B+ is how I’d grade the Supreme Court’s latest term. Cato filed amicus briefs in 16 cases. We were on the winning side in 12. That’s quite impressive considering that cases reaching the court pose complex and contentious issues that typically divide lower courts as well as legal scholars. Among our more important victories:

  • Government cannot make value judgments regarding “scandalous” or “immoral” trademarks.
  • State and local eminent domain actions can be challenged in federal court without first exhausting state court remedies.
  • The Twenty-First Amendment, repealing Prohibition, does not allow states to discriminate against interstate commerce by enacting protectionist legislation.
  • Courts will no longer rubber-stamp administrative agency interpretations of agency-crafted regulations.

Weighed against those successes were several losses:

  • The Fourth Amendment permits a warrantless blood alcohol test of an unconscious driver.
  • The constitutional ban on double jeopardy does not protect the accused from trial for the same crime by two separate sovereigns.
  • Congress can reasonably delegate its authority to resolve practical legislative problems and make feasibility judgments under statutes that contain an intelligible principle to guide the delegation.

That brings us to Timbs v. Indiana — a triple victory that documents the court’s concern over civil forfeiture abuse; the availability of a new tool, the constitutional ban on excessive fines, to rein in that abuse; and the application of the excessive fines clause in the Eighth Amendment to the states as well as the federal government.
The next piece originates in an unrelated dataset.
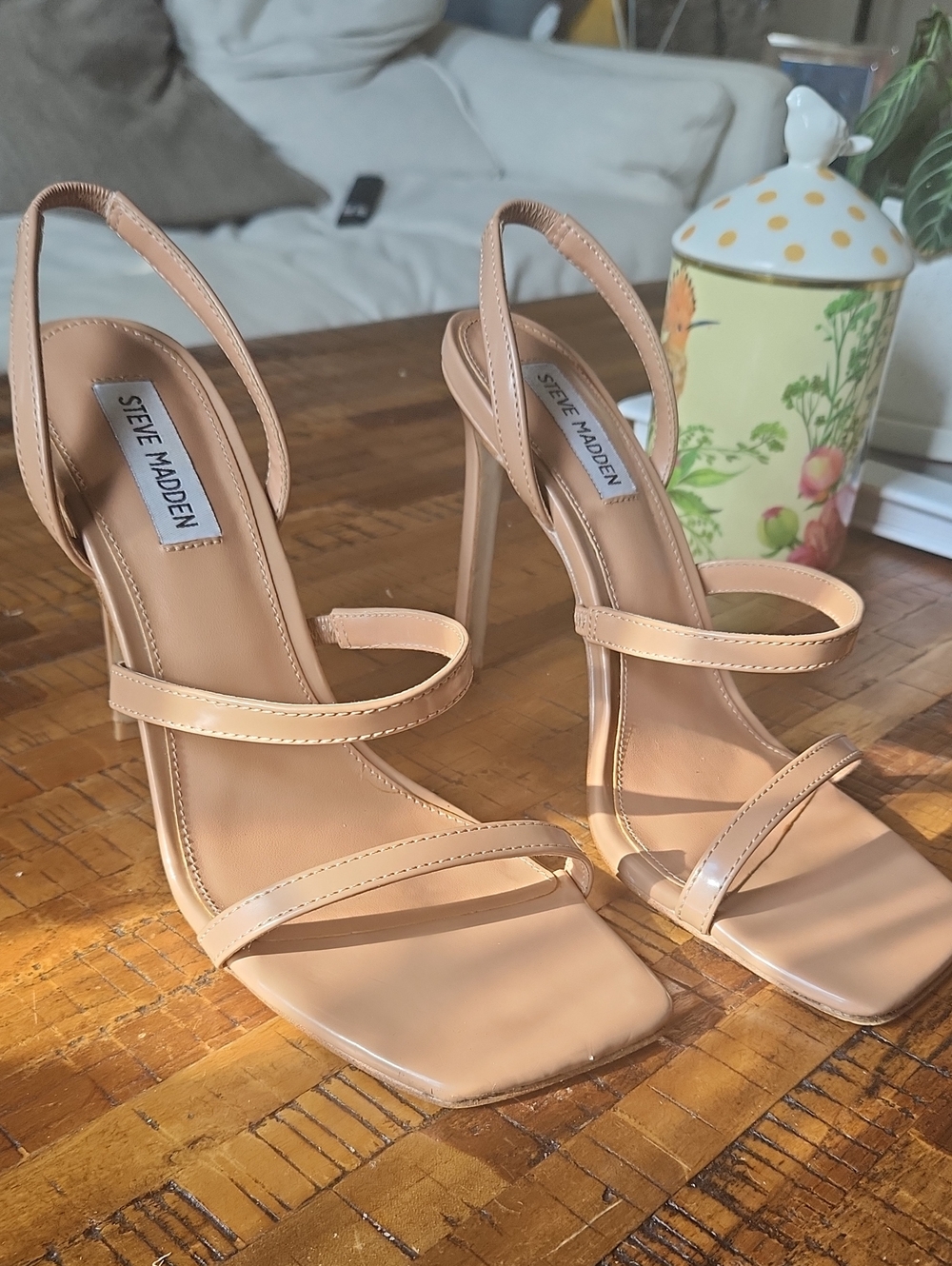Steve Madden Camel Square-Toe Stiletto Sandals- 9 but fits like a 9.5!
Tyson Timbs pleaded guilty to dealing drugs in Indiana. When he was arrested, the police seized a Land Rover SUV, charging that it was used to transport heroin. Timbs had paid $42,000 for the SUV — more than four times the $10,000 maximum fine for his crime. Lower courts ruled that the forfeiture amounted to an excessive fine, but the Indiana Supreme Court held that the excessive fines clause applied only to the federal government.

The root of civil forfeiture abuse can be traced to a 1996 Supreme Court case, Bennis v. Michigan. Tina Bennis co-owned a car with her husband, who took the car without her knowledge or consent and then had sex in the car with a prostitute. The police arrested the husband, the prostitute, and … the car, which allegedly “facilitated” the crime. Tina Bennis protested that she was an innocent co-owner, but the Supreme Court (5–4) upheld the forfeiture.

In 2000, Congress finally reacted — creating a federal innocent-owner exception. But many states still allow forfeiture of property that has minimal connection to an actual crime. Law enforcement officials thus have a perverse economic incentive. Civil forfeiture has become policing for profit — one of the more regrettable byproducts of our feckless war on drugs.

But now, after the Timbs case, which was litigated by our friends at the Institute for Justice, forfeitures can be contested not only as a violation of due process, or an uncompensated taking of property, but also as an imposition of excessive fines as barred by the Eighth Amendment. And that third line of attack can now be pursued in state as well as federal cases.

Until the Fourteenth Amendment was ratified, the Bill of Rights did not apply to the states. But then the due process clause of that amendment was used to “incorporate” the Bill of Rights against the states. That task wasn’t completed all at once. It was accomplished provision by provision — free speech, religion, protection against unreasonable searches, etc. Remarkably, until the Timbs case, the court had not decided whether the excessive fines clause is incorporated. The criterion for incorporation is whether the right is deemed to be “fundamental.” That depends, in turn, on whether the right is vital to “our scheme of ordered liberty” or “deeply rooted in this Nation’s history and tradition.” Virtually all of the Bill of Rights now qualify — including the First, Fourth, Fifth, and Sixth Amendments as well as the rest of the Eighth Amendment.

Justice Ruth Bader Ginsburg, writing for a unanimous court, made it official: The excessive fines clause is fundamental and, therefore, incorporated.